-- Available data follows --

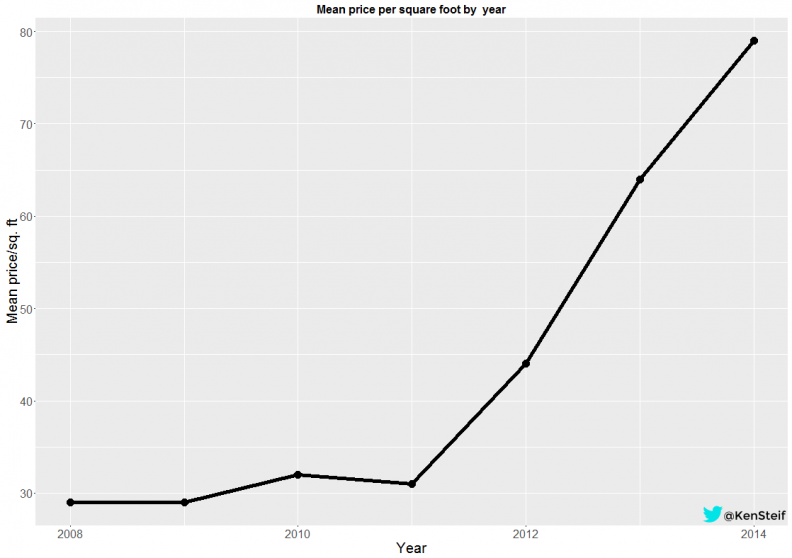 mean price per square foot per year2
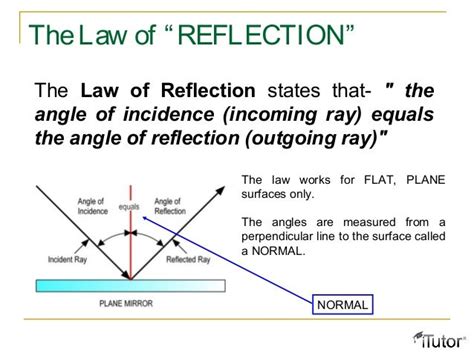 14 3 Laws Of Reflection Images Reflex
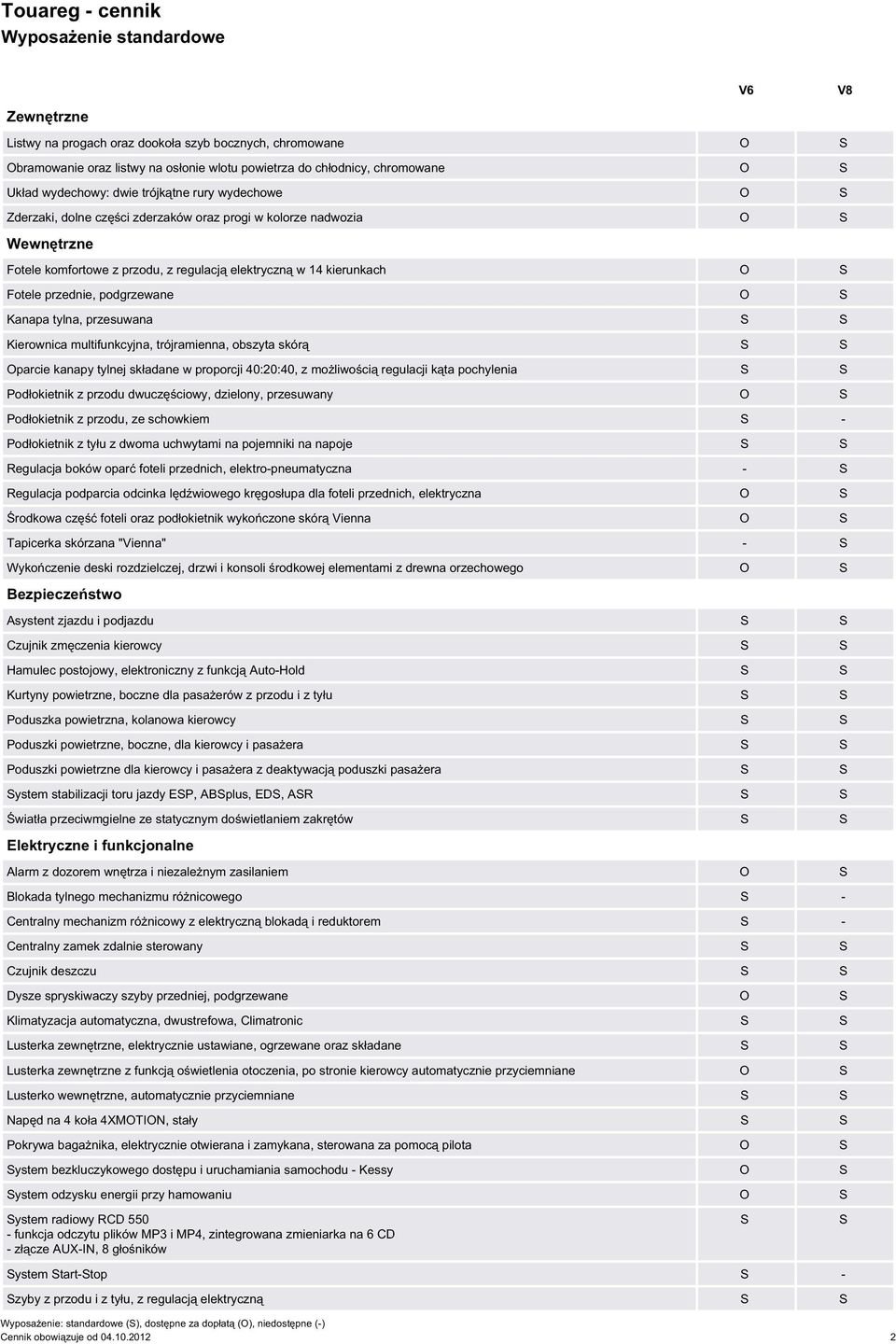 Fotele przednie, podgrzewane O S Kanapa tylna, przesuwana S S Kierownica multifunkcyjna, trójramienna, obszyta skórą S S Oparcie kanapy tylnej składane w proporcji 40:20:40, z możliwością regulacji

-- Available data concluded --

> _Brief_:
Transcribe the lines that run from the line bearing "14 3 Laws Of Reflection Images Reflex" through the last line of the data. Keep the wording exact and leave out every picture.

> _Answer section_:
 14 3 Laws Of Reflection Images Reflex
 Fotele przednie, podgrzewane O S Kanapa tylna, przesuwana S S Kierownica multifunkcyjna, trójramienna, obszyta skórą S S Oparcie kanapy tylnej składane w proporcji 40:20:40, z możliwością regulacji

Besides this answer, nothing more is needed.